The current unwinding logic uses global locks, which leads to
terrible exception performance in multi-threaded programs.
For example on an AMD EPYC 7713 with 128 cores we see a performance
degradation from 36ms single threaded to 6424ms with 128 threads
when throwing multi-threaded.
See https://isocpp.org/files/papers/P2544R0.html for a detailed
discussion.
This commit fixes this problem by maintaining the exception tables
in a b-tree using optimistic lock coupling, which allows for
lock-free reads. Writers still lock, but changes to exception tables
are rare, they are usually triggered only by dlopen/dlclose calls or
by JITed code. During unwinding that mechanism does not require any
atomic writes, which allows for running the test program mentioned above
in 59ms instead of over 6s.
Unfortunately the mechanism requires cooperation from the application,
as the glibc has no mechanism to notify us when a shared library is
removed.

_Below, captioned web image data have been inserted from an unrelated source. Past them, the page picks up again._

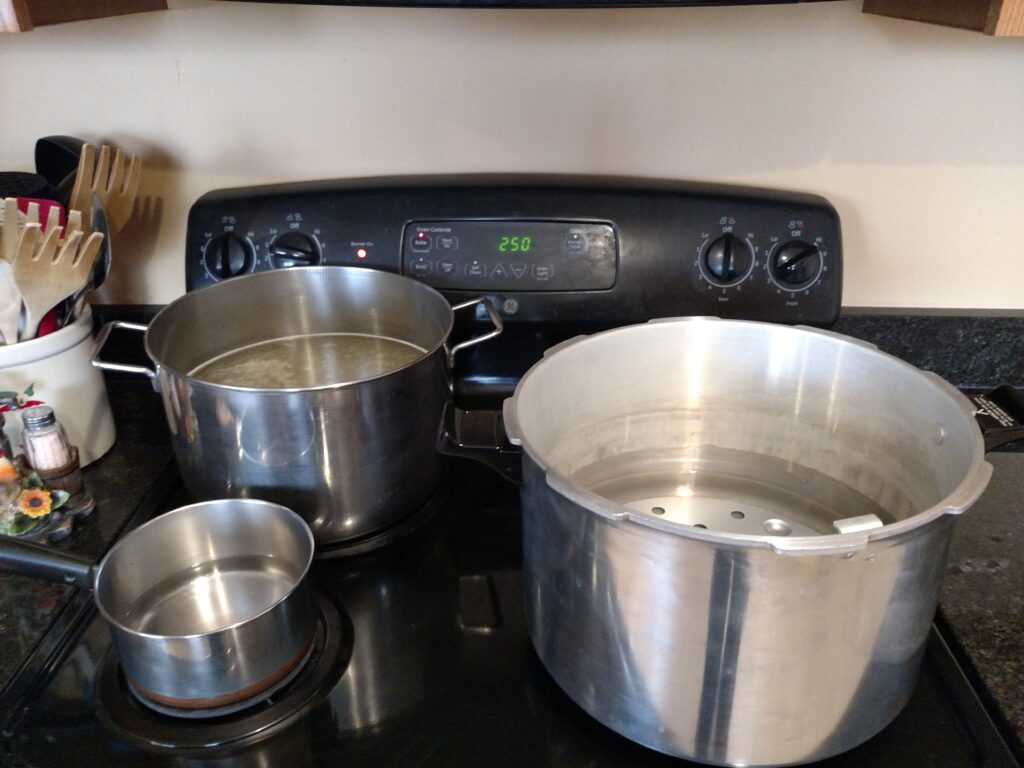 pots on stove ready to can
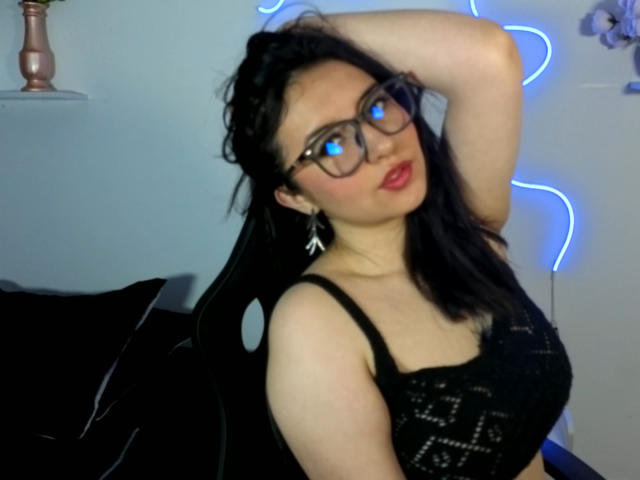 Foto van SusanMonroy, een aantrekkelijke Aziatische vrouw met zwart haar, rode lippenstift en een bril, die een zwarte kanten top draagt, hand in haar, blauwe neonlichten op de achtergrond, intense blik, verleidelijke pose.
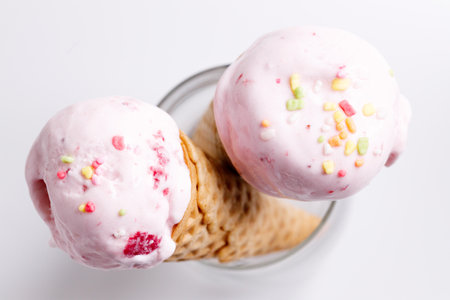 sweet ice cream made of strawberry in cones on white backgroundの写真素材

Thus, it is double opt-in: First, the libunwind itself has
to be compiled with -DLIBUNWIND_USE_BTREE=On. And then at runtime,
the application has to enable the mechanism by calling
void __libunwind_btreelookup_sync();
That sync function must be called once at startup and then again
after every dlopen and every dlclose call. Failing to call sync
after dlopen is safe, it can just lead to suboptimal performance by
falling back to the existing mechanism. But failing to call sync
between a dlclose/dlopen sequence is unsafe, as the new library
might remain associated with the old unwinder logic.
But if the application knows what it is doing, and guarantees to
call sync between dlclose and dlopen, it gets dramatically better
performance in exception unwinding.
Note that the current implementation is quit conservative, as it
leaves the ehframe tables as they are and just indexes the tables
themselves with a btree. Which means that the btree will usually
have a few of entries per shared library. An alternative design
would be to store the content of the ehframe tables in the btree,
just as with dynamic frames from JITed code. This would make unnesting
even faster, but would consume more memory, as we would have one entry
per function instead of one entry per library.